**AVAILABLE DATA:**
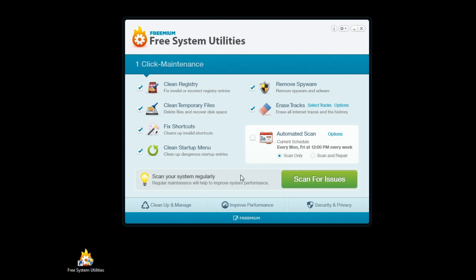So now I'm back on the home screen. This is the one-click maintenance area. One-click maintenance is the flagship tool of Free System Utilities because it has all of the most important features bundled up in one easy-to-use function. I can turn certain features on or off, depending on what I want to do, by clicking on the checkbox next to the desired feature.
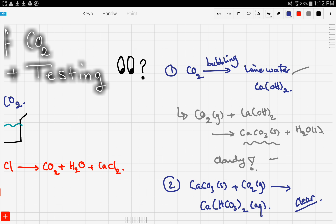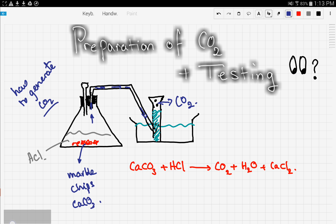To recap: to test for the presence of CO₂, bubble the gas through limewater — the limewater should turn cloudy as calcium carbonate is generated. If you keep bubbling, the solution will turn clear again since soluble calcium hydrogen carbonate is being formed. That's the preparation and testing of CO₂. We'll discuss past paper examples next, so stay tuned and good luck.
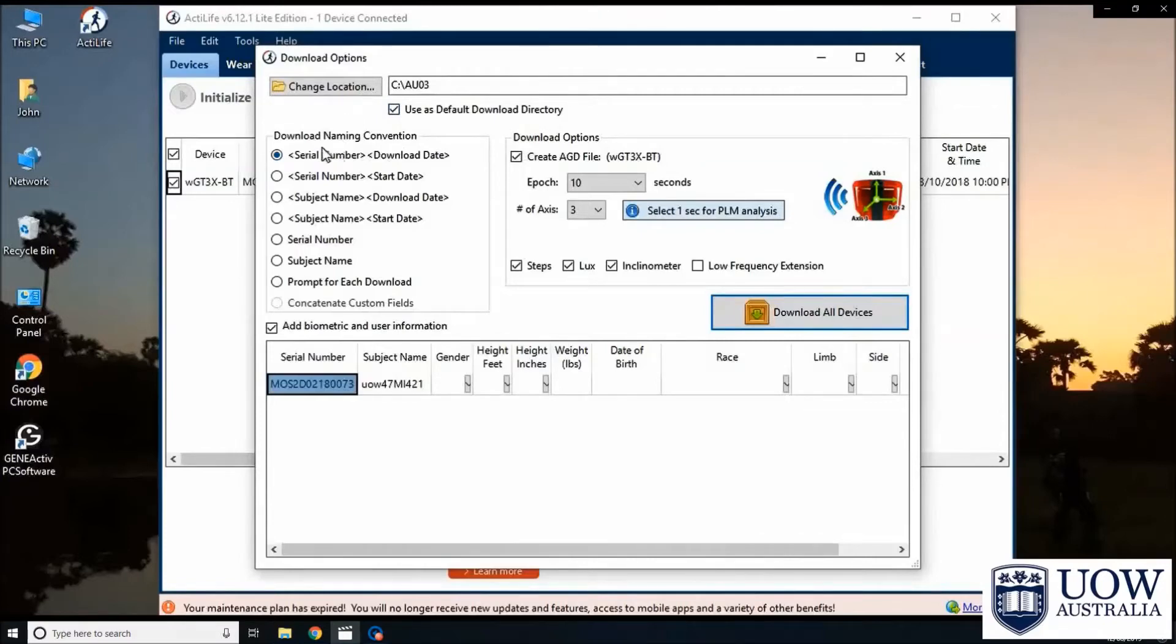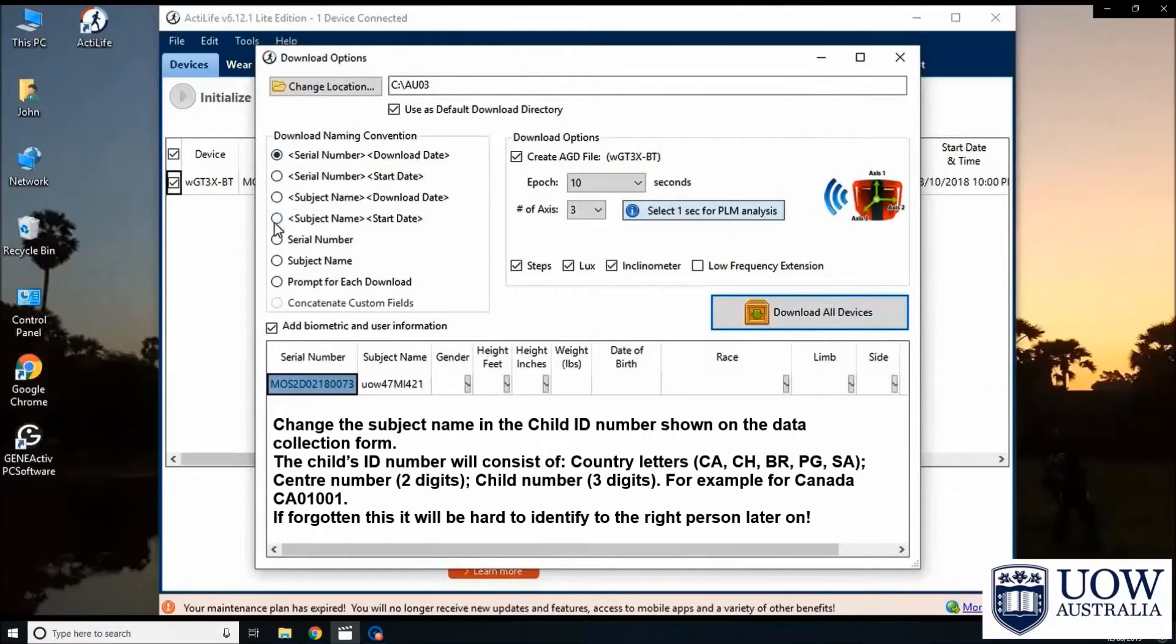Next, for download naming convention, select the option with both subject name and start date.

**TASK:**
Pictures stay out; everything else in the listing above gets restated word for word.

**COMPLETED TASK:**
So now I'm back on the home screen. This is the one-click maintenance area. One-click maintenance is the flagship tool of Free System Utilities because it has all of the most important features bundled up in one easy-to-use function. I can turn certain features on or off, depending on what I want to do, by clicking on the checkbox next to the desired feature.
To recap: to test for the presence of CO₂, bubble the gas through limewater — the limewater should turn cloudy as calcium carbonate is generated. If you keep bubbling, the solution will turn clear again since soluble calcium hydrogen carbonate is being formed. That's the preparation and testing of CO₂. We'll discuss past paper examples next, so stay tuned and good luck.
Next, for download naming convention, select the option with both subject name and start date.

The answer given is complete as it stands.